Joseph J. Peper

Also published as: Joseph J Peper, Joseph Peper


2024

pdf
Shoes-ACOSI: A Dataset for Aspect-Based Sentiment Analysis with Implicit Opinion Extraction
Joseph J Peper | Wenzhao Qiu | Ryan Bruggeman | Yi Han | Estefania Ciliotta Chehade | Lu Wang
Findings of the Association for Computational Linguistics: EMNLP 2024

We explore *implicit opinion extraction* as a new component of aspect-based sentiment analysis (ABSA) systems. Prior work in ABSA has investigated opinion extraction as an important subtask, however, these works only label concise, *explicitly*-stated opinion spans. In this work, we present **Shoes-ACOSI**, a new and challenging ABSA dataset in the e-commerce domain with implicit opinion span annotations, the first of its kind. Shoes-ACOSI builds upon the existing Aspect-Category-Opinion-Sentiment (ACOS) quadruple extraction task, extending the task to quintuple extraction—now localizing and differentiating both implicit and explicit opinion.
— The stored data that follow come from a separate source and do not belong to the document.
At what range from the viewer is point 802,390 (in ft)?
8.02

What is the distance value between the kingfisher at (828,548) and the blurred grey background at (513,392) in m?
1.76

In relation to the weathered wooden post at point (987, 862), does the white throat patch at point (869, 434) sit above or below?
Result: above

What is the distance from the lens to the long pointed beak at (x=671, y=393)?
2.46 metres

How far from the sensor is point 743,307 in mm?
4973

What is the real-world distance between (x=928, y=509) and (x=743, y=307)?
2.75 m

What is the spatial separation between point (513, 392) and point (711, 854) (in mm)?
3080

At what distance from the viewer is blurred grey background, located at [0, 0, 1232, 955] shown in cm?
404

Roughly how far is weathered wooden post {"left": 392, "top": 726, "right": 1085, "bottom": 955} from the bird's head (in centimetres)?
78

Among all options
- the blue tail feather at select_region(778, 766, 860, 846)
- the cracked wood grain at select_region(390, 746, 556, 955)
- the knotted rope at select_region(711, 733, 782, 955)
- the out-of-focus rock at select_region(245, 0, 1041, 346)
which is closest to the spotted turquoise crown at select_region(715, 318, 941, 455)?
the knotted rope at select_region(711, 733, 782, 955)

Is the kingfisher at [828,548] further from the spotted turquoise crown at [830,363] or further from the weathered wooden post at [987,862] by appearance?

In addition to the new annotation schema, our dataset contains paragraph-length inputs which, importantly, present complex challenges through increased input length, increased number of sentiment expressions, and more mixed-sentiment-polarity examples when compared with existing benchmarks. We quantify the difficulty of our new dataset by evaluating with state-of-the-art fully-supervised and prompted-LLM baselines. We find our dataset presents significant challenges for both supervised models and LLMs, particularly from the new implicit opinion extraction component of the ACOSI task, highlighting the need for continued research into implicit opinion understanding.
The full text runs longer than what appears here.